Mezzo secolo di paralimpiadi invernali
Si tratterà senza ombra di dubbio di un’edizione storica. Ai tanti record già inanellati dai Giochi di Milano Cortina (i primi Giochi diffusi, i primi con due bracieri, i primi con una cerimonia di apertura in una sede Unesco,…) c’è anche il fatto che si tratta del cinquantesimo anniversario dei primi Giochi Paralimpici Invernali, disputati nel 1976 a Ornskoldsvik, in Svezia, e il ventesimo anniversario di Torino 2006.

Non c’è da stupirsi quindi se il Comitato Paralimpico Internazionale (IPC) guarda a questa edizione come a un appuntamento destinato a essere il migliore di sempre sotto il profilo sportivo e tra i più suggestivi dal punto di vista scenografico, grazie alla bellezza dei territori che ospiteranno i Giochi.
La cerimonia di apertura: inclusività e spettacolo
A seguire questa sera la cerimonia di apertura ci sarà anche il Capo dello Stato Sergio Mattarella e la presidente del Consiglio Giorgia Meloni. Sarà una cerimonia all’insegna dell’inclusività che vedrà, tra gli altri, l’esibizione di dj Miky Bionic, al secolo Michele Specchiale, primo dj al mondo a esibirsi con una “mano bionica”, una protesi mioelettrica avanzata installata dopo aver perso il braccio sinistro in un grave incidente da giovanissimo.
Altrettanto particolare sarà il “sorvolo inclusivo” che accompagnerà la celebrazione, fatto dai piloti del Wefly!
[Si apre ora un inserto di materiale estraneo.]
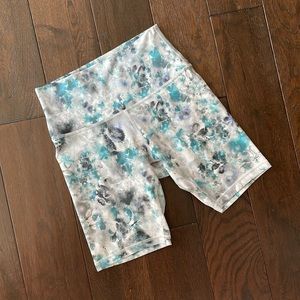 Lululemon shorts 8” 💙💚🤍💙💚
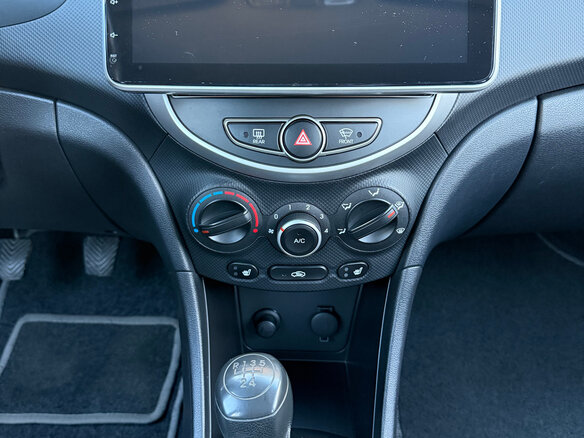 2012 Hyundai Solaris I, белый, 659900 рублей - вид 17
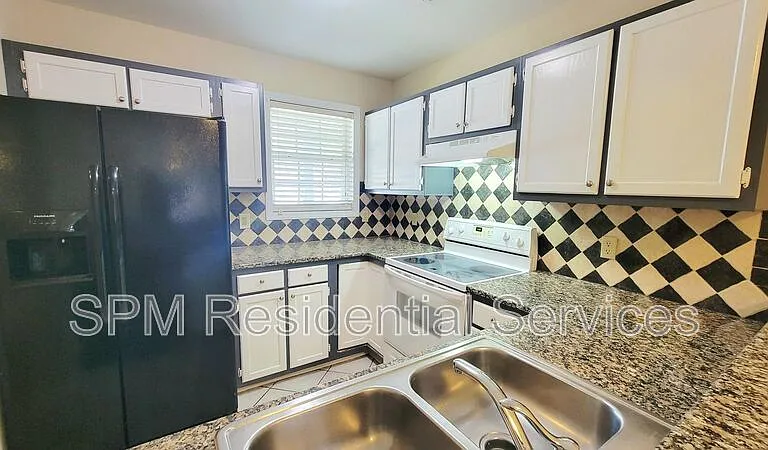 5116 Lampost Cir — Photo 4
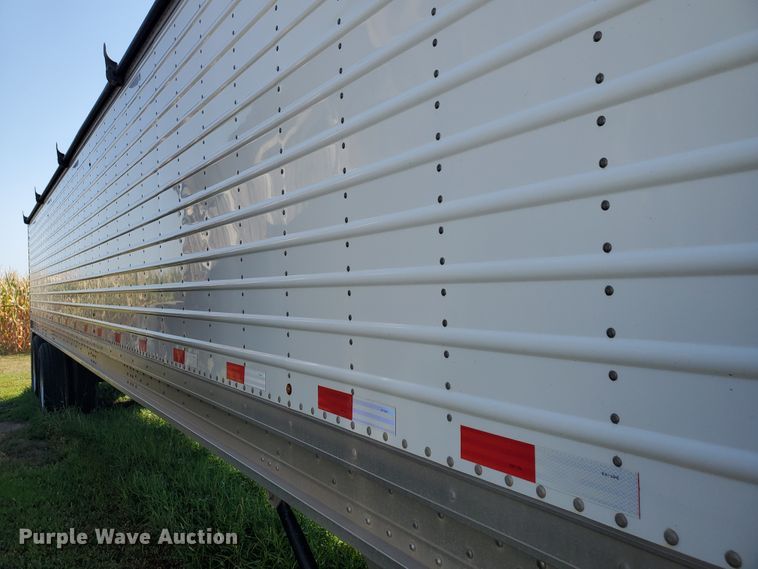 image for item DF5639 2015 Stoughton Platinum Series AHV-421T-AR-S double hopper bottom grain trailer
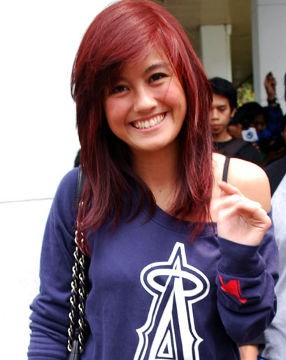 Agnes Monica Berencana Hadiri MTV EMA 2011 di Irlandia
Team (Alessandro Paleri e Marco Cherubini con Walter Mondani) e di Ali Per Tutti (Paolo Pocobelli), unica pattuglia aerea al mondo in cui la quasi totalità dei piloti è composta da persone tetraplegiche o paraplegiche.
Tema della cerimonia di apertura sarà “Life in Motion”, uno spettacolo che celebrerà cambiamento, resilienza ed evoluzione, tre concetti più che familiari agli atleti paralimpici. Il tutto articolato in tre linguaggi: Musica, Danza e Arte. Realizzata in collaborazione con Filmmaster, realtà che ha già contribuito con successo alla recente cerimonia veronese dedicata alla chiusura Olimpica, lo spettacolo si configura come un’esperienza immersiva in cui linguaggi contemporanei, performance e innovazione raccontano un’Italia dinamica e inclusiva. A chiudere la cerimonia sarà infine la “chain song” globale sulle note di “Nel blu dipinto di blu”, il celebre e iconico brano di Domenico Modugno, reinterpretato con contributi provenienti da tutto il mondo.